## INPUT DATA
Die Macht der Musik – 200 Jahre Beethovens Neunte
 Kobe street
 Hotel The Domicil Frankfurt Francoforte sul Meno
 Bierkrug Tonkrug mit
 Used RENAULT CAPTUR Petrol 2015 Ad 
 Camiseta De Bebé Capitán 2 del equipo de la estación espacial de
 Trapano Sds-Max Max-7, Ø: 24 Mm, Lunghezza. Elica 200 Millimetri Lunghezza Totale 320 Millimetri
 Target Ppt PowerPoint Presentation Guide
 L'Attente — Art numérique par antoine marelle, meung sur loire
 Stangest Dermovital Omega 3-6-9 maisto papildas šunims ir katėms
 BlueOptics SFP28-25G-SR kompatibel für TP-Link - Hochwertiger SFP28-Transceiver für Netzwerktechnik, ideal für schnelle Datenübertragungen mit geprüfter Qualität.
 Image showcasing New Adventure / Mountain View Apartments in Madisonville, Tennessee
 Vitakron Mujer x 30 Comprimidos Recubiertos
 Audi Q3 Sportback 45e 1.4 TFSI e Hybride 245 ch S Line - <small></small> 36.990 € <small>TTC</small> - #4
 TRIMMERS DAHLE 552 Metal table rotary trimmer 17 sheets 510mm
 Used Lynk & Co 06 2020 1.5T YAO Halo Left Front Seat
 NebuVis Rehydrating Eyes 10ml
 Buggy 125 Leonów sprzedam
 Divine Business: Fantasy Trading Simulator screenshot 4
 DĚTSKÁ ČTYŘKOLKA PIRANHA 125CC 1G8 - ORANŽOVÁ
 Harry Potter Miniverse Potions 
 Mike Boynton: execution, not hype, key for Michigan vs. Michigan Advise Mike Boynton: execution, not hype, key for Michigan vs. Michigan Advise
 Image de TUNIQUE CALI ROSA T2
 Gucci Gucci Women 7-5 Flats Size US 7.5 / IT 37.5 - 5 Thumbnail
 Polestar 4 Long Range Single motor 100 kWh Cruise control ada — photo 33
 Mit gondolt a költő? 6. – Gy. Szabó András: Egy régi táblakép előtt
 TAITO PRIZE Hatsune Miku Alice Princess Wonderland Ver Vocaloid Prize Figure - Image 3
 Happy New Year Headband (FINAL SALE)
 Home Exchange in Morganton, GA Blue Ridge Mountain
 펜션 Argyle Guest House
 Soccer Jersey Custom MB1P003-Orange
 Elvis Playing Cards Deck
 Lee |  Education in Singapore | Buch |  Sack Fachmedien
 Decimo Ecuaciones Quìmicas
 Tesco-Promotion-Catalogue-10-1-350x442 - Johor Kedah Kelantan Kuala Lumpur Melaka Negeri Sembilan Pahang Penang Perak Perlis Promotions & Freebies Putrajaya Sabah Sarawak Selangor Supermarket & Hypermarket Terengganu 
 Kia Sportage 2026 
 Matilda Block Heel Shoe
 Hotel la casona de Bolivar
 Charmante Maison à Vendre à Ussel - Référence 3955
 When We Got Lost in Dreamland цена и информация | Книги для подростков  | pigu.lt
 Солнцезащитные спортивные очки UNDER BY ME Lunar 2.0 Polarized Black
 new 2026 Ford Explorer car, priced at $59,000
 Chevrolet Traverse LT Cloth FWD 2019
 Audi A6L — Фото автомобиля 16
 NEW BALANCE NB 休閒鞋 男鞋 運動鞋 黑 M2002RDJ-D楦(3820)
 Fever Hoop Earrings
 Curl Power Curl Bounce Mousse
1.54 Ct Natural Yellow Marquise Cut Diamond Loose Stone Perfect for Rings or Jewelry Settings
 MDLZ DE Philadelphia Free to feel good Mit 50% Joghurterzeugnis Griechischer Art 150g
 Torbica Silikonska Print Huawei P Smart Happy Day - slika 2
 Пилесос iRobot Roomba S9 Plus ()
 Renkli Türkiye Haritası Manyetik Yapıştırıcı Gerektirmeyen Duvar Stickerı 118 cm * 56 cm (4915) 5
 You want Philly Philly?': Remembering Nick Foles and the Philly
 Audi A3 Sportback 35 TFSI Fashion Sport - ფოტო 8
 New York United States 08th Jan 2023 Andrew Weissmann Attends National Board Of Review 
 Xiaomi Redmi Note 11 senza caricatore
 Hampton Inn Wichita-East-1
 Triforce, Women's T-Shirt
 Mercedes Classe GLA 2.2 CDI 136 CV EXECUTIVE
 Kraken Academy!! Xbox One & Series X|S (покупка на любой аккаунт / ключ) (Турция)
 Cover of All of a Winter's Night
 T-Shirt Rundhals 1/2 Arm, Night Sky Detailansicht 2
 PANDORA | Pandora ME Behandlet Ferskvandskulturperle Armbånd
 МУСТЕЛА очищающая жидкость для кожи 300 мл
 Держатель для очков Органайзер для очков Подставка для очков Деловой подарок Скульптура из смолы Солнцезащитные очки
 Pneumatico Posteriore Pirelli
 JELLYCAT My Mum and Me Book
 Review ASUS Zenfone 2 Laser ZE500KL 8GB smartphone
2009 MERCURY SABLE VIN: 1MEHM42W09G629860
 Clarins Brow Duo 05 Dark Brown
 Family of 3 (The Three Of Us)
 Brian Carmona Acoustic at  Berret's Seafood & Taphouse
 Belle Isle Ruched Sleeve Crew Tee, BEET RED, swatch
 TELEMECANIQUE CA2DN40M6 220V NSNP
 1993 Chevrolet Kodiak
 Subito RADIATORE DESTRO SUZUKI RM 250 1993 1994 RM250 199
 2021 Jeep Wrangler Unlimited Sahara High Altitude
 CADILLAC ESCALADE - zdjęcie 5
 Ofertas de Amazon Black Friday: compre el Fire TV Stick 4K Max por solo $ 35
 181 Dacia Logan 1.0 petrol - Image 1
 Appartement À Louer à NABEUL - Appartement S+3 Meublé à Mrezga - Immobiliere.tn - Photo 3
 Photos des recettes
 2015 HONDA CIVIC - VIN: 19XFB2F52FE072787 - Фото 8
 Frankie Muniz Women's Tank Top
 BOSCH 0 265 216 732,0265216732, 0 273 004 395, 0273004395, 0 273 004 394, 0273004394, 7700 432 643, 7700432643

## PROBLEM REQUIREMENTS
Beginning with the line containing "2009 MERCURY SABLE VIN: 1MEHM42W09G629860" in the material above, copy every line exactly until you have copied the line containing "CADILLAC ESCALADE - zdjęcie 5".

## TASK OUTPUT
2009 MERCURY SABLE VIN: 1MEHM42W09G629860
 Clarins Brow Duo 05 Dark Brown
 Family of 3 (The Three Of Us)
 Brian Carmona Acoustic at  Berret's Seafood & Taphouse
 Belle Isle Ruched Sleeve Crew Tee, BEET RED, swatch
 TELEMECANIQUE CA2DN40M6 220V NSNP
 1993 Chevrolet Kodiak
 Subito RADIATORE DESTRO SUZUKI RM 250 1993 1994 RM250 199
 2021 Jeep Wrangler Unlimited Sahara High Altitude
 CADILLAC ESCALADE - zdjęcie 5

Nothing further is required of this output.